→ Assignment:
Reproduce the whole listing word for word. Leave every image out.

→ Source data:
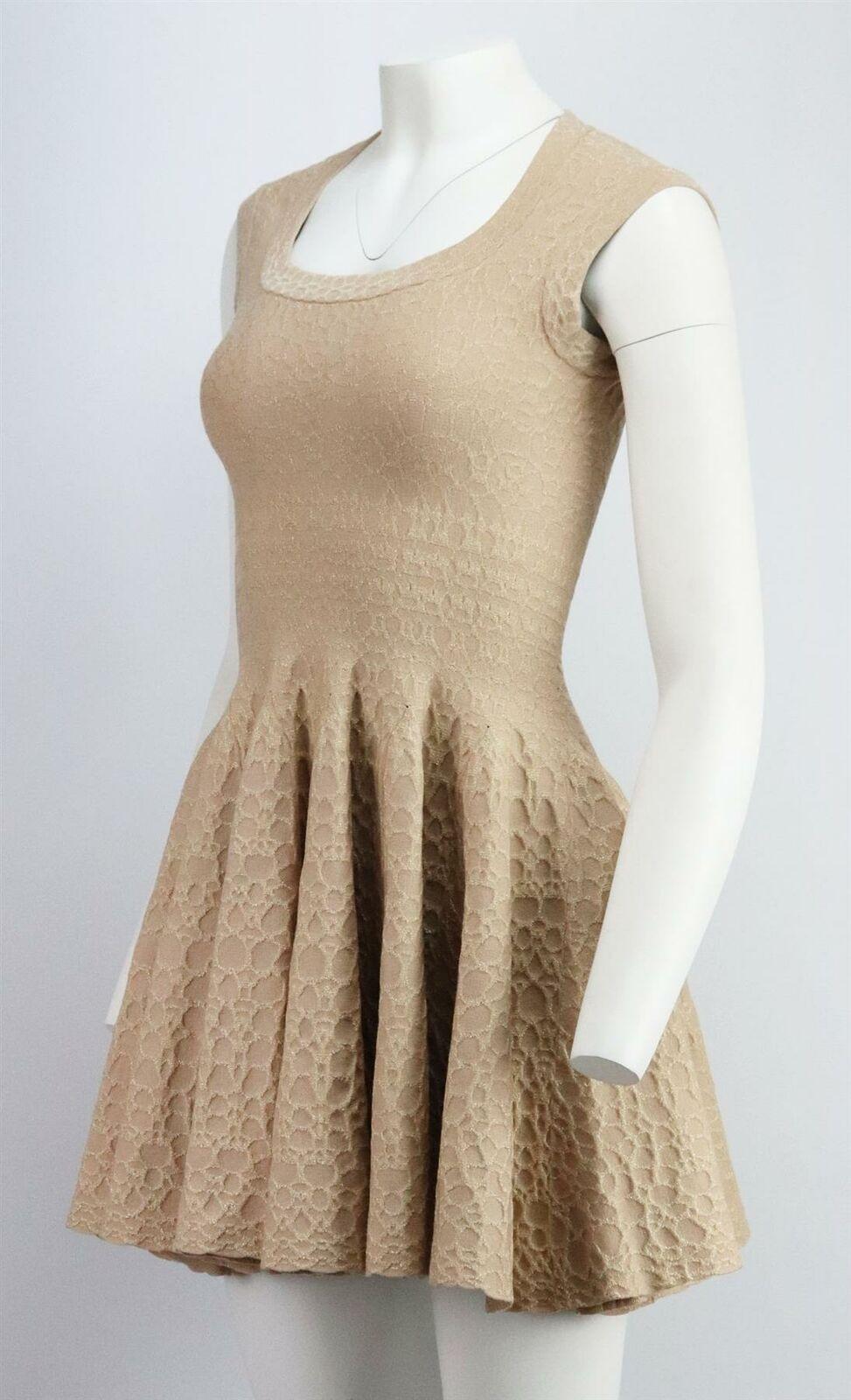 alaia metallic jacquard-knit mini dress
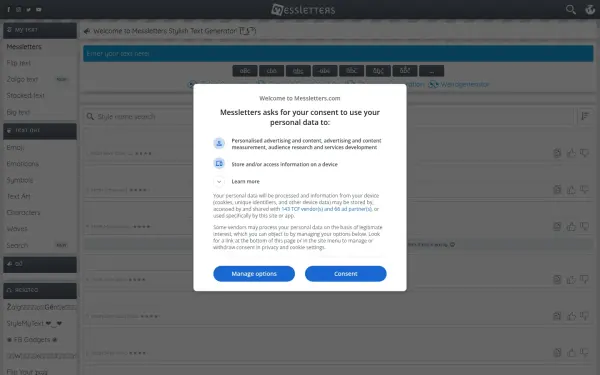 www.messletters.com
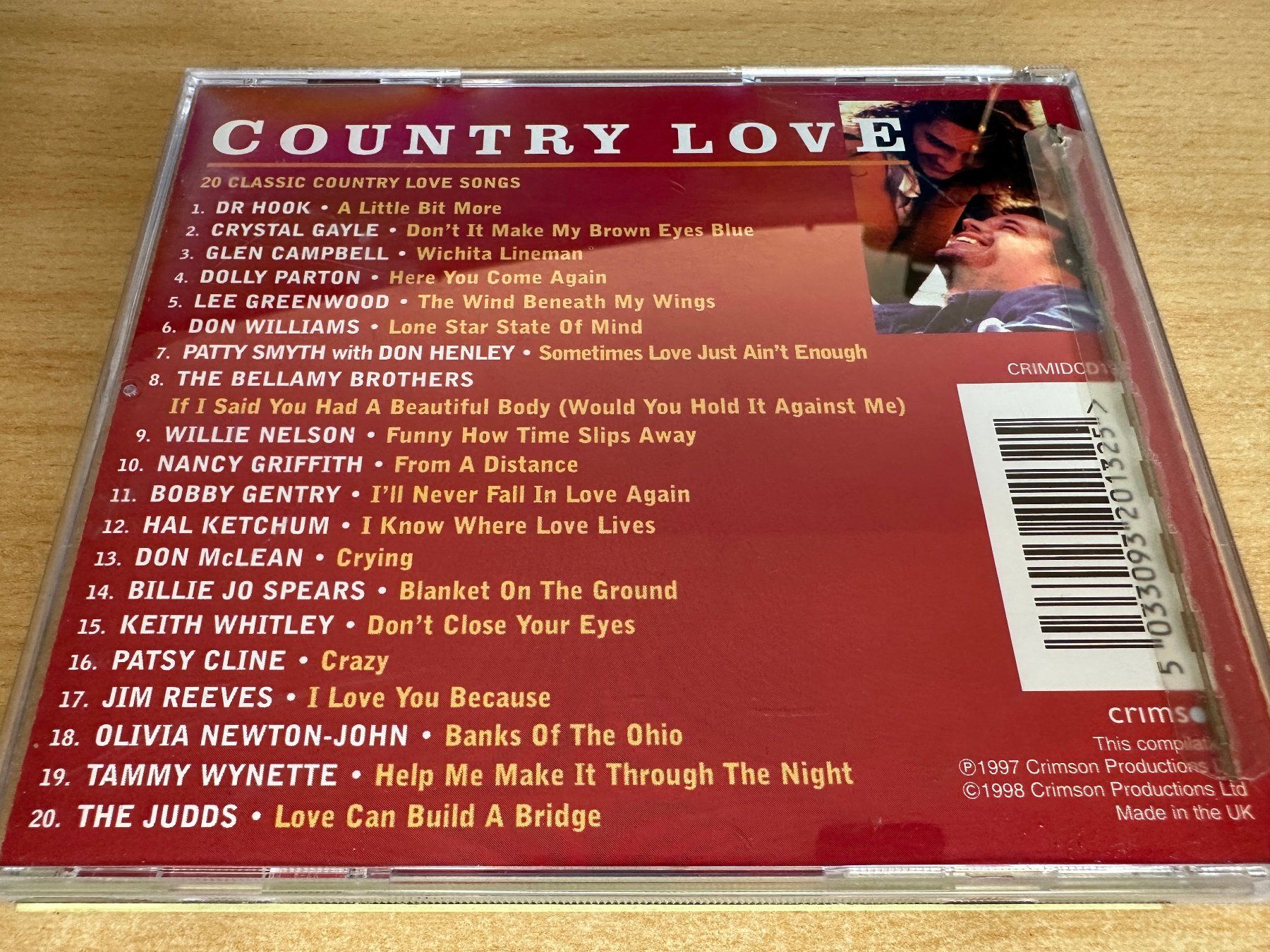 CD: J0 Various - Country Love – Usato da Rikon im Tösstal venduto da Alpenmutz 1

→ Answer to this task:
 alaia metallic jacquard-knit mini dress
 www.messletters.com
 CD: J0 Various - Country Love – Usato da Rikon im Tösstal venduto da Alpenmutz 1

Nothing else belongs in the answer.